Maybe you can find someone who can do it for you? My aunt, Victoria, comes and does it for us, then I send it in. . .


----------



## StaceyRosado (Oct 5, 2007)

for an unregistered doe? not a priority. Especialy since I am selling her anyway.


----------



## RowdyKidz (Apr 2, 2009)

That stinks. Sorry Stacey.


----------



## smwon (Aug 3, 2008)

Oh man!


----------



## keren (Oct 26, 2008)

Oh I wish I could buy her!

I fell in love with her, the first time I ever went to your website - I'd never seen a goat that colour, she is beautiful  

Why are you selling her?


----------



## StaceyRosado (Oct 5, 2007)

because parents put a limit on the number of goats I could have and I bought another


----------



## keren (Oct 26, 2008)

Yep, I completely understand. Two wethers, two bucks and a doe are going from here shortly, to make up for the 4 sheep I purchased.


----------



## StaceyRosado (Oct 5, 2007)

I would try to keep her .... BUT I also want to keep a doeling from Sweet Pea (if she has one) so I will already be over the 5 goat limit


----------



## keren (Oct 26, 2008)

Hard, isnt it? In some ways, although I want all :girl: :girl: :girl: :girl: :girl: :girl: :girl: from my goats and these new sheep, its easier if they are :boy: :boy: :boy: :boy: cos most of them I just whack a green ring on and its either into the freezer or sold. 

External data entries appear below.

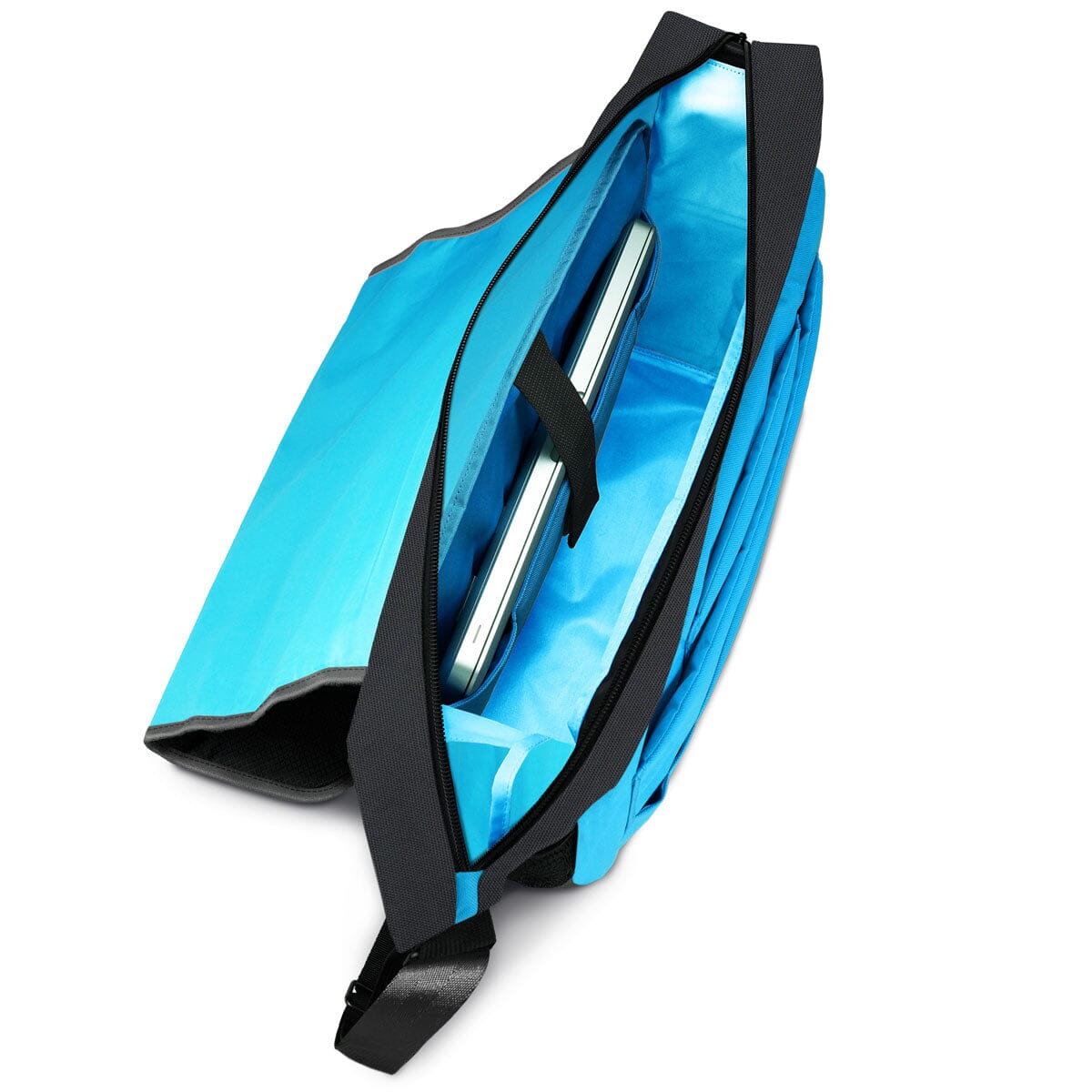 Find Your MacBook Pro Bag Here for Your 13" 16" by MacCase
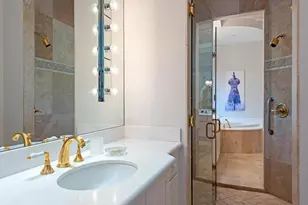 235 Little Harbour Ln, Naples, FL 34102 - Photo 22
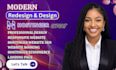 hostinger website design hostinger website redesign hostinger website design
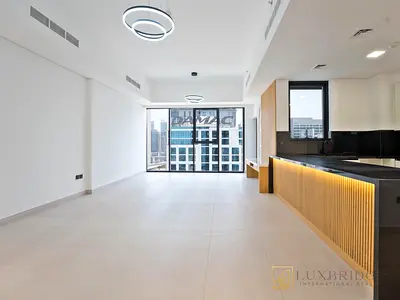 Prime Location | Luxurious Living | Spacious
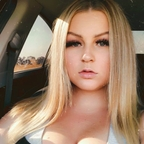 haleyluv OnlyFans Leaked Photos and Videos 

 profile picture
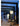 NEWVILLE Aralyn Chic Modern Ceiling Lamp from NEWVILLE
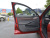 Ford Mondeo Extreme EcoBoost 245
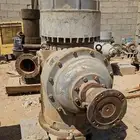 قير زراعي 500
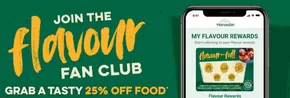 Harvester catalogue in North Shields | Offer's | 2025-06-16T00:00:00.000Z - 2025-07-02T00:00:00.000Z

I only have my eye on one or two of my goats to retain doe kids from this year, but I'd love to retain a female from each of the sheep, if they listen and give me girls. But I dont think I can keep em all *sigh*

My parents dont enforce a limit, but I sort of have made myself one, after getting too big and realising I needed to scale back. Atm I have 23 goats and now 4 sheep, plus Dad's 6 sheep and my brother's goat. And that number probably needs to drop by 6 or so for me to be comfortable again.


----------



## StaceyRosado (Oct 5, 2007)

well the limit of 5 is not what my parent said ... they saiid 2 was enough  but I said I think 5 is good. So in a way its my word that i need to keep


----------



## keren (Oct 26, 2008)

Sounds fair to me. 2 is def. not enough!


----------